Theme Parking: A Disney Princess In The Making

  • While driving to her day care last week, my daughter suddenly told me, "It was really great that we got to see Disney Junior." I should not have been as shocked as I was. She is growing up quite fast and constantly surprises me with how much she has learned and how fast. But here I was talking about one of my favorite topics, Disneyland, with my daughter. I decided to prod her a little to see just how much she remembered. I asked, "What was your favorite part?" She answered, "When Stuffy made all the bubbles in the sink." She was right; that was a lot of fun.

  • My wife and I have long been fans of Disneyland. We had annual passes for a few years until it was no longer feasible. But we never stopped loving the parks. When we had a child, I knew that I would want to share so much with her. I should have guessed that it would be Disneyland that caught her attention.
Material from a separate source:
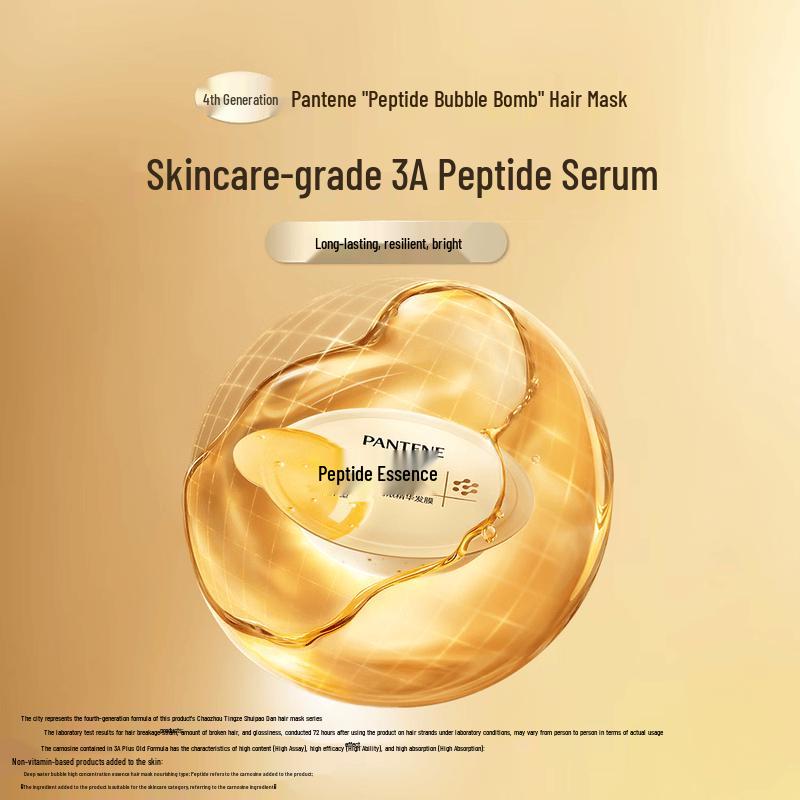 Pantene Пептидный питательный набор для ухода за волосами (пробный)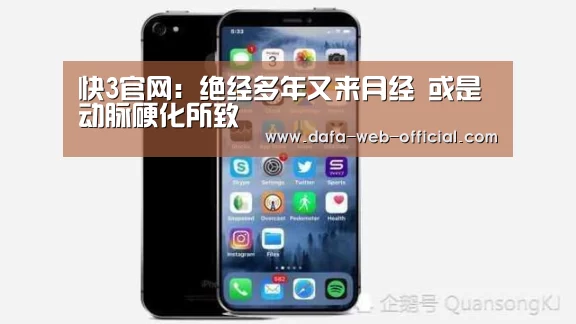 快3走势分析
  • Disney is already a big part of her life. She loves watching Disney Junior in the evenings, especially Miles From Tomorrowland with its catchy theme song. We read Disney books before bed. And, of course, she is in love with the Disney Princesses.

  • Prior to her birth, her mother and I talked and planned about how we would encourage our daughter to find some aspiration other than "Princess". We bought books and toys and clothes that cover a variety of tastes. When she was old enough, we enrolled her in soccer and swimming classes. We did everything we could to expand her horizons. In spite all of that, she is a princess.

  • But, she is a princess in addition to everything else she is. She's a storyteller. She can climb and run and kick a ball. She loves her books. And she loves dresses and she loves pink. For as much as I worried, being a princess is not some terrible, anti-feminist affliction. It is just another facet of her life. So long as it makes her happy and doesn't cause any harm, she can be a princess for as long as she wants.

  • Theme Parking is a new category for posts related to my lifelong obsession with Disneyland.